Yukon University welcomes 1st president since transition from college

Yukon University celebrated its first presidential installation since it transitioned from being a college two years ago.

The ceremony took place at the Kwänlin Dün Cultural Centre in Whitehorse on Friday morning, when Lesley Brown officially became the first Yukon University president and vice-chancellor and the institution’s eighth president.

Yukon College, now Canada’s only university north of the 60th parallel, officially became a degree-granting university in the spring of 2020. 

Brown has been in the president’s office since last August. However, the ceremony formally provided her with the powers and responsibilities of the office. It was also an opportunity for her to share her vision for the university.

During her presidential installation address, Brown said she wants Yukon University to be a place of transformation.

“I understand our collective and vital obligation to lead and make change,” she said. “True change and good change happens when it’s grounded in truth.”

Brown added part of her duty as the new president is to ensure all Yukon University students learn to question authority, existing structures, history and past assumptions to “discover what is true.” 

During her address, she also emphasized her commitment to equity and inclusion, “so that when students graduate from Yukon University, they will walk together alongside one another on a shared path to decolonization and reconciliation, to the equity of all people, and also to continue democracy.”

The morning’s installation was officiated by Commissioner Angelique Bernard.

The academic procession was led by Jordan Lincez on bagpipes and drummers Uyenets’echia Sean Smith and Susan Smith, followed by the ceremonial antler carried by Victoria Castillo, co-chair of the academic senate.

Including First Nations designs

Kwanlin Dun First Nation Chief Doris Bill and Ta’an Kwach’an Council Chief Amanda Leas presented Brown with a special academic presidential regalia designed in consultation with the university’s office of First Nations Initiatives.

It included a gown with a traditional Tudor bonnet in purple velvet – the university’s primary colour, which also symbolizes the crocus flower.

The presidential stole was adorned in traditional beadwork representing Yukon mountains, northern lights and the territory’s wildflowers, purple lupine and harebell.
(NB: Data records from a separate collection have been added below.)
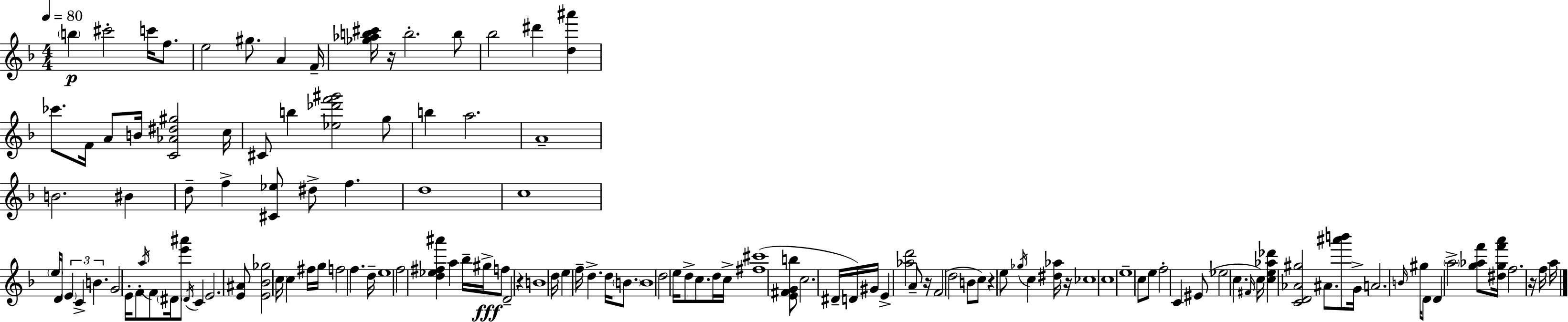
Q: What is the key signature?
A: D minor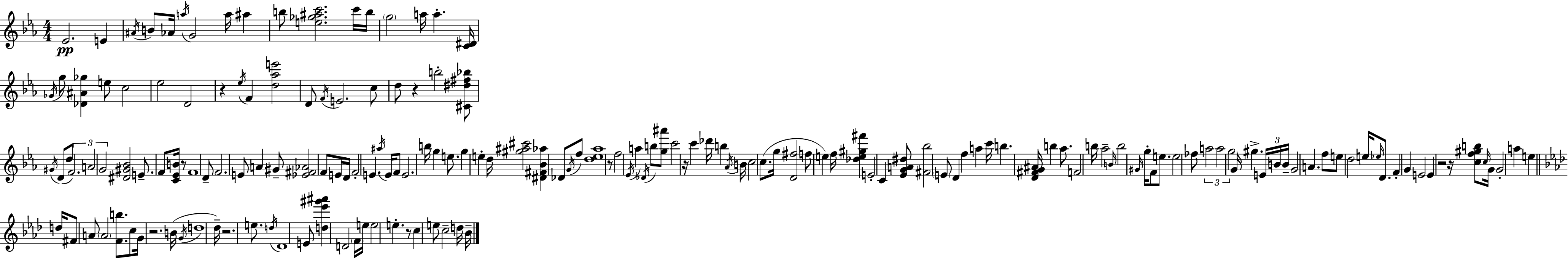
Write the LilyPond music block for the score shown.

{
  \clef treble
  \numericTimeSignature
  \time 4/4
  \key ees \major
  ees'2.\pp e'4 | \acciaccatura { ais'16 } b'8 aes'16 \acciaccatura { a''16 } g'2 a''16 ais''4 | b''8 <e'' ges'' ais'' c'''>2. | c'''16 b''16 \parenthesize g''2 a''16 a''4.-. | \break <c' dis'>16 \acciaccatura { ges'16 } g''8 <des' ais' ges''>4 e''8 c''2 | ees''2 d'2 | r4 \acciaccatura { ees''16 } f'4 <d'' aes'' e'''>2 | d'8 \acciaccatura { f'16 } e'2. | \break c''8 d''8 r4 b''2-. | <cis' dis'' fis'' bes''>8 \acciaccatura { gis'16 } d'8( d''8 \tuplet 3/2 { f'2.) | a'2 g'2 } | <dis' gis' bes'>2 e'8.-- | \break f'8 <c' ees' b'>16 r8 f'1 | d'8-- f'2. | e'8 a'4 gis'8-- <ees' fis' aes'>2 | f'8 e'16 d'16 f'2-. | \break e'4. \acciaccatura { ais''16 } e'16 f'8 e'2. | b''16 g''4 e''8. g''4 | e''4-. d''16 <gis'' ais'' cis'''>2 <dis' fis' bes' aes''>4 | des'8 \acciaccatura { g'16 } f''8 <d'' ees'' aes''>1 | \break r8 f''2 | \acciaccatura { ees'16 } a''4 \acciaccatura { des'16 } b''8 <g'' ais'''>8 c'''2 | r16 c'''4 des'''16 b''4 \acciaccatura { aes'16 } b'16 | c''2 c''8.( g''16 <d' fis''>2 | \break f''8 e''4) f''16 <des'' e'' gis'' fis'''>4 e'2-. | c'4 <ees' g' a' dis''>8 <fis' bes''>2 | \parenthesize e'8 d'4 f''4 a''4 | c'''16 b''4. <d' fis' g' ais'>16 b''4 aes''8. | \break f'2 b''16 aes''2-- | \grace { b'16 } b''2 \grace { gis'16 } g''16-. f'8 | e''8. e''2 fes''8 \tuplet 3/2 { a''2 | a''2 g''2 } | \break g'16 gis''4.-> \tuplet 3/2 { e'16 b'16 b'16-- } g'2 | a'4. f''8 e''8 | d''2 e''16 \grace { ees''16 } d'8. f'4-. | g'4 e'2 e'4 | \break r2 r16 <c'' f'' gis'' b''>8 \grace { c''16 } g'16 g'2-. | a''4 e''4 \bar "||" \break \key aes \major d''16 fis'8 a'8 \parenthesize a'2 <f' b''>8. | c''8 g'16 r2. b'16( | \acciaccatura { g'16 } d''1 | des''16--) r2. e''8. | \break \acciaccatura { d''16 } des'1 | e'8 <d'' ees''' gis''' ais'''>4 d'2 | \parenthesize f'16 e''16 e''2 e''4.-. | r8 c''4 e''8 c''2-- | \break d''16 bes'16-- \bar "|."
}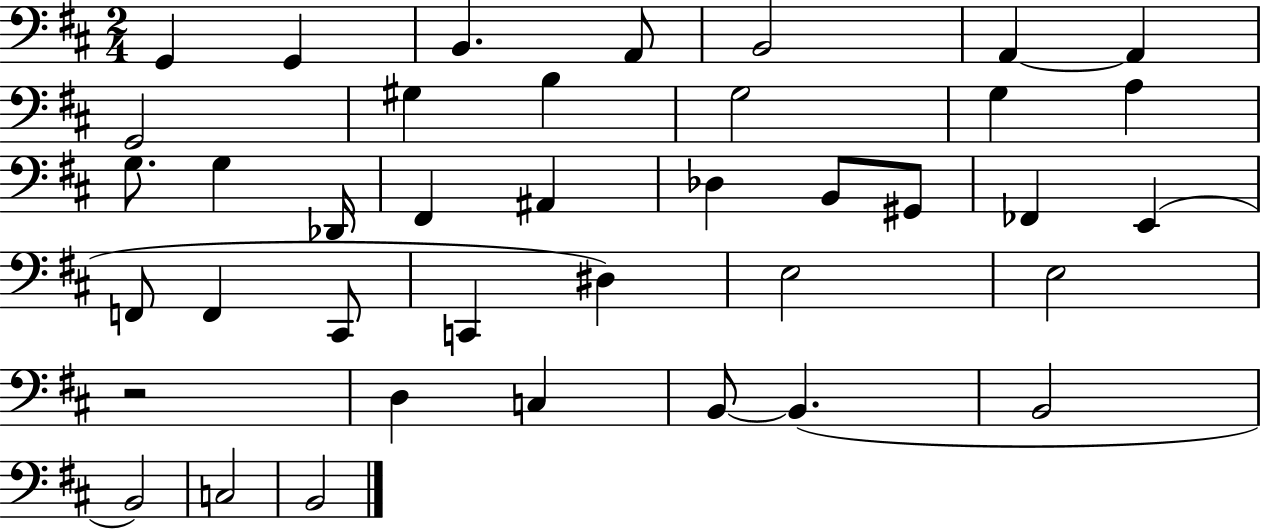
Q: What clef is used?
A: bass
The presidential stole was adorned in traditional Yukon beadwork representing Yukon mountains, northern lights and the territory’s wildflowers, purple lupine and harebell. (Sissi De Flaviis/CBC)

The stole was created by Vashti Etzel, a Shutuh/Kaska Dene artist from Ross River.
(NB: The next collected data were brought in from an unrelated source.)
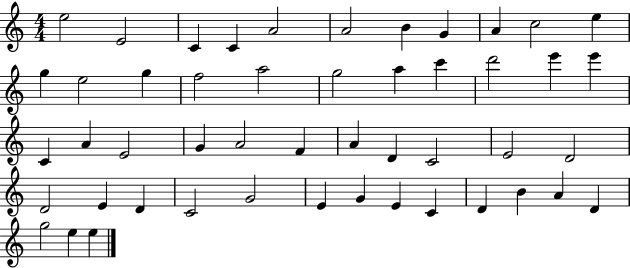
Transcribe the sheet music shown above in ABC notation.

X:1
T:Untitled
M:4/4
L:1/4
K:C
e2 E2 C C A2 A2 B G A c2 e g e2 g f2 a2 g2 a c' d'2 e' e' C A E2 G A2 F A D C2 E2 D2 D2 E D C2 G2 E G E C D B A D g2 e e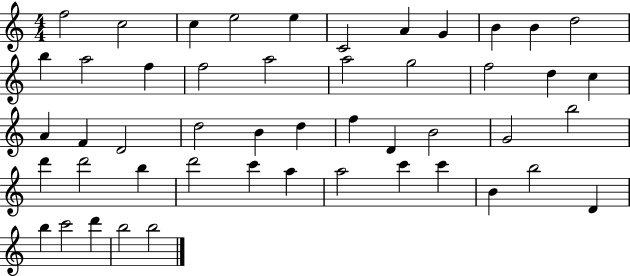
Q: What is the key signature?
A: C major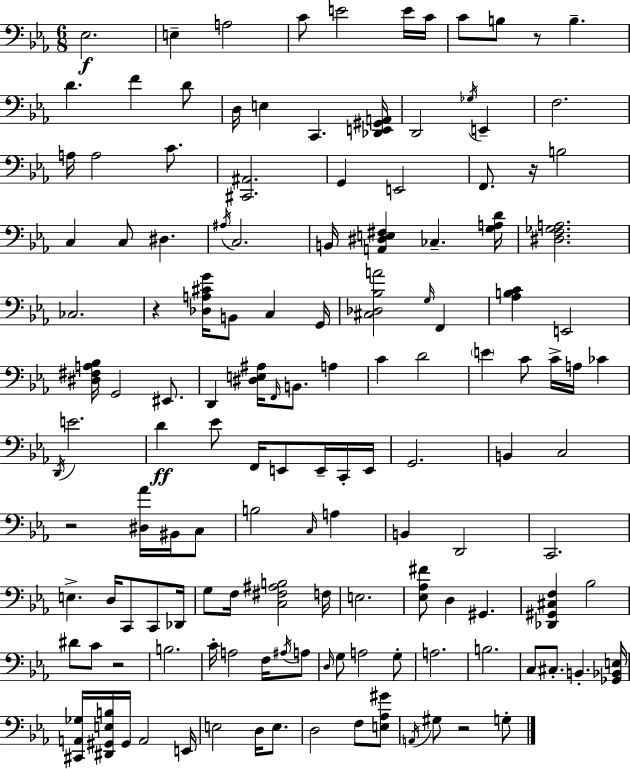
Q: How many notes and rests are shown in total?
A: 138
“This beautiful academic piece is a true testament to the traditional talents us First Nations bring,” said Leas during her welcome speech moments before the investiture.

After the ceremony, Brown told the CBC it was one of the most exciting days of her life.
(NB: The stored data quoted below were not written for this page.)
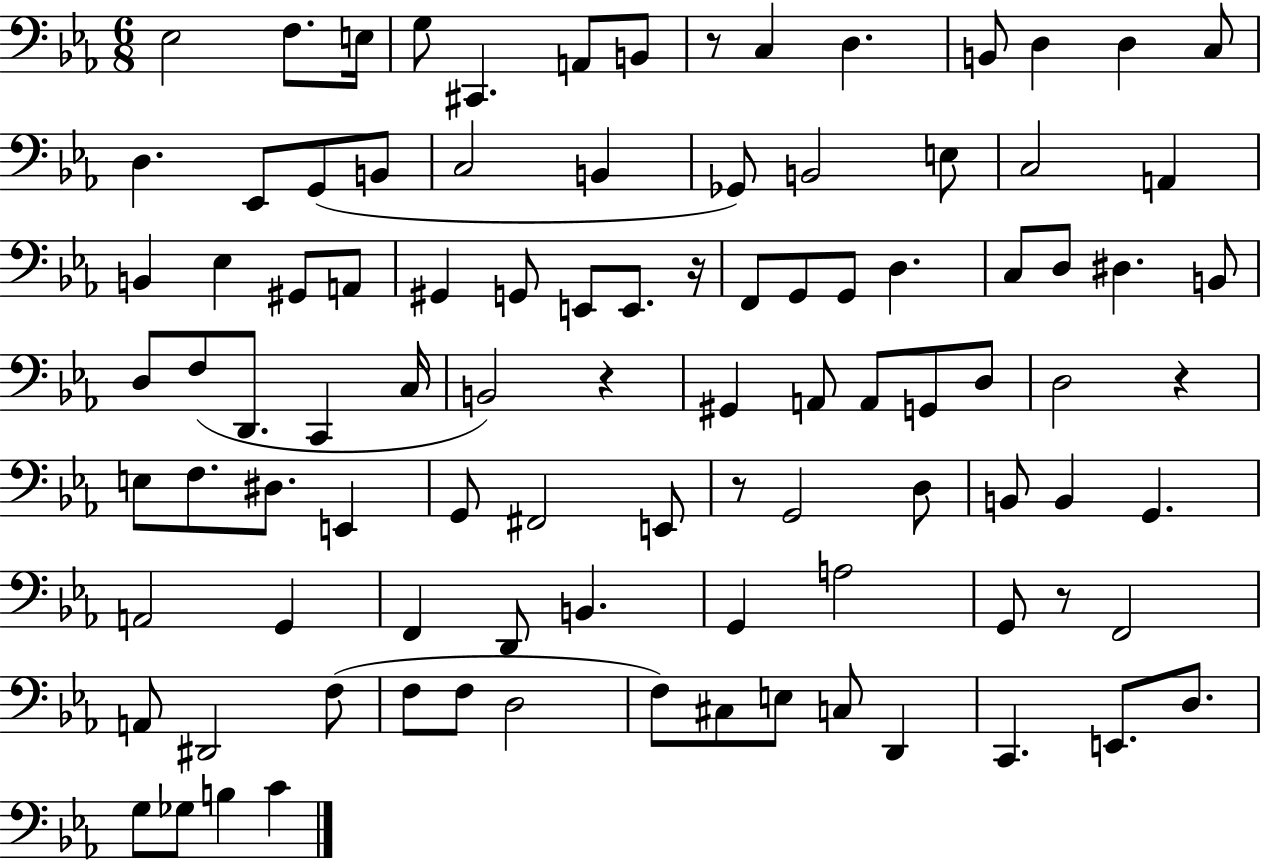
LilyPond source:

{
  \clef bass
  \numericTimeSignature
  \time 6/8
  \key ees \major
  ees2 f8. e16 | g8 cis,4. a,8 b,8 | r8 c4 d4. | b,8 d4 d4 c8 | \break d4. ees,8 g,8( b,8 | c2 b,4 | ges,8) b,2 e8 | c2 a,4 | \break b,4 ees4 gis,8 a,8 | gis,4 g,8 e,8 e,8. r16 | f,8 g,8 g,8 d4. | c8 d8 dis4. b,8 | \break d8 f8( d,8. c,4 c16 | b,2) r4 | gis,4 a,8 a,8 g,8 d8 | d2 r4 | \break e8 f8. dis8. e,4 | g,8 fis,2 e,8 | r8 g,2 d8 | b,8 b,4 g,4. | \break a,2 g,4 | f,4 d,8 b,4. | g,4 a2 | g,8 r8 f,2 | \break a,8 dis,2 f8( | f8 f8 d2 | f8) cis8 e8 c8 d,4 | c,4. e,8. d8. | \break g8 ges8 b4 c'4 | \bar "|."
}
“I’m so excited about the future of Yukon University and all that we can do to advance the territory,” she said. “And helping to make Canada better for tomorrow.”

She was a professor at the University of Lethbridge in Alberta for 15 years before moving to the Yukon.

Whitehorse Mayor Laura Cabott and Yukon University President and Vice-Chancellor Lesley Brown pose for a picture. (Sissi De Flaviis/CBC)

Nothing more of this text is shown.